The Winnipeg Jets’ defensive pairing will always draw the onerous assignments.

Heck, it’s a safe bet Trouba and Morrissey would have played big minutes against the amazing Gretzky-Kurri-Tikkanen trio if the year was 1987.

"They don’t get talked about that much, but they do a great job for us," Jets veteran centre Bryan Little said Sunday afternoon. "Josh, especially, has been unbelievable all year. It seems he does all the little things perfectly out there. He rarely makes mistakes, he’s got a really good stick.

"You saw (Trouba) throw a couple big hits (Saturday) night. It just seems like he’s involved in everything out there, and he can do it all. He can score, he can rush the puck, and he can play that physical game. When he’s playing well, he’s connecting on all of them.

"Those two have done a great job so far in the playoffs," Little added.

Trouba and Morrissey got a double-dose in Round 1, receiving plenty of time from head coach Paul Maurice to combat the Minnesota Wild’s top two lines, centred by Eric Staal and Mikko Koivu.

Against Nashville, the duo played big minutes against Ryan Johansen, Filip Forsberg and Viktor Arvidsson, arguably one of the NHL’s most lethal units.

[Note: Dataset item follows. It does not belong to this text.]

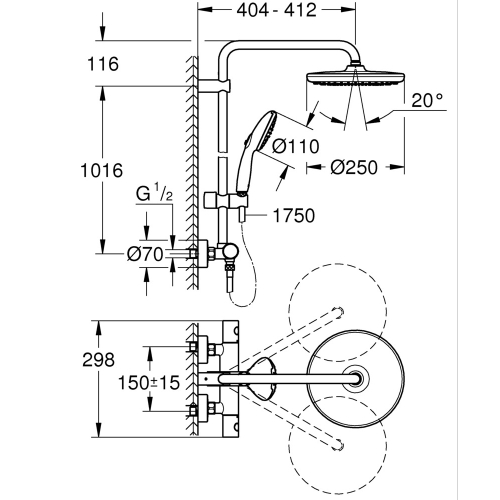 Душова система з термостатом для настінного монтажу Grohe Tempesta System 250 (266702431)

Trouba and Morrissey had another hectic night Saturday, charged with the primary responsibility of going up against the Vegas Golden Knights’ top line of centre William Karlsson and wingers Jonathan Marchessault and Reilly Smith.

Consider it a job well done, as they limited the scoring opportunities of the dangerous trio in Game 1 of the best-of-seven Western Conference Final.

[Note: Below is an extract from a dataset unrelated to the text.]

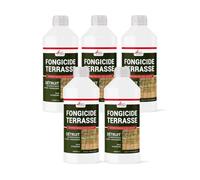 Anti Mousse Terrasse Produit Concentré pour 250m² 5 L (5 x 1L) | Fongicide et Algicide, Détruit Dépôts Verts, Lichens et Algues, Terrasses, Pierre, Carrelage, Béton - Arcane Industries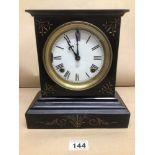 A VINTAGE WORKING SLATE MANTLE CLOCK BY THE ANSONIA CLOCK CO NEW YORK 26CM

"They make plays, and they’re probably one of the best lines in the league. They’re a real challenge to play against," Morrissey said. "It’s a tough matchup, for sure. I thought we did a reasonable job. They scored the first goal in the first period, but after that, we were able to make some plays. There’s some things we want to clean up.

"But it’s fun to compete against guys on a line like that, who have that much ability. All three compete really hard on the puck, they’ve got good sticks. Their transition game’s outstanding. It’s a tough challenge no matter how you look at it."

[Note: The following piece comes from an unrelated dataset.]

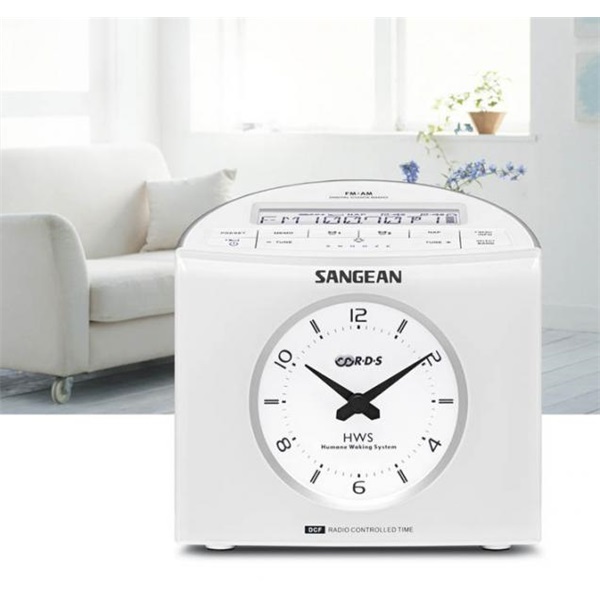 Sangean RCR-9W AM / FM-RDS sztereó digitális szintézeres fehér ébresztős rádió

It’s a tall order to pinch off the line’s offensive flow entirely.

Karlsson, whose 43-goal, breakout NHL season was one of the keys to the expansion Golden Knights’ remarkable inaugural campaign, scored a power-play goal in Winnipeg’s 4-2 victory at Bell MTS Place. Marchessault provided two assists, while Smith added a helper.

But Trouba and Morrissey forced the speedy Vegas forwards to the outside, inflicted a couple of forceful checks along the walls and allowed them to fire just eight shots at goalie Connor Hellebuyck.

"We know what kind of team they are. They’re fast, and when they build speed, they’re a really good team. I think that’s something we talked about, was trying to slow them down in a way that, whether it’s being physical or running some interference or picks or whatever, just keep them from getting to full speed, because that’s when they’re a really good team," Trouba said.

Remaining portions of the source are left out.